From Alton Sterling to Jordan Edwards, no justice, no peace!

WW COMMENTARY

Alton Sterling

There are many progressive struggles under capitalism, many connected to each other due to systemic inequality. Inside the U.S. — aptly described as the belly of the beast — the struggle against racism or white supremacy is the heart and soul of many issues every minute of every day. Probably the most glaring example is the ongoing police war against Black and Brown people, especially youth.

In 99.9% of cases, white police officers who fatally kill Black people either get a slap on the wrist, by being put on a desk job or being fired, or are let off scot free in order to continue their reign of racist terror. Very rarely do police officers get indicted and charged with murder.
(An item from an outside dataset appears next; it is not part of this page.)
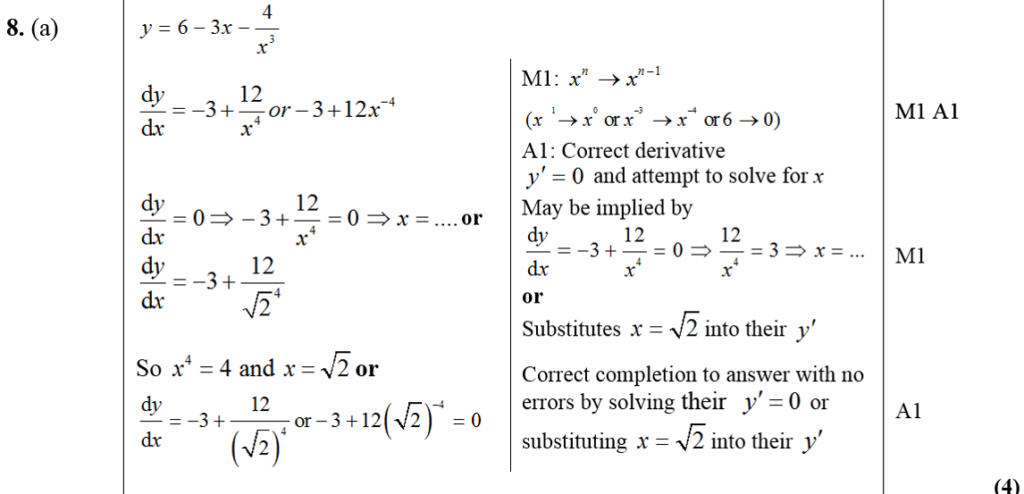 Mark Scheme for A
For instance, on May 5, the U.S. Justice Department — now led by U.S. Attorney General Jeff Sessions, who has a sordid history of racist, segregationist views — announced that no federal charges will be brought against the two white cops who fatally shot Alton Sterling, a 37-year-old Black man, in Baton Rouge, La., last July outside a convenience store.  His murder was captured on videotape that clearly shows the cops holding Sterling down on his back before shooting him.

The Sterling ruling is far from an isolated one. There are the cases of Michael Brown in Ferguson, Mo., Jamar Clark and Philandro Castile in Minneapolis, Tamir Rice in Cleveland, Korryn Gaines and Freddie Gray in Baltimore, and countless more victims whose killers were cops who never faced any jail time.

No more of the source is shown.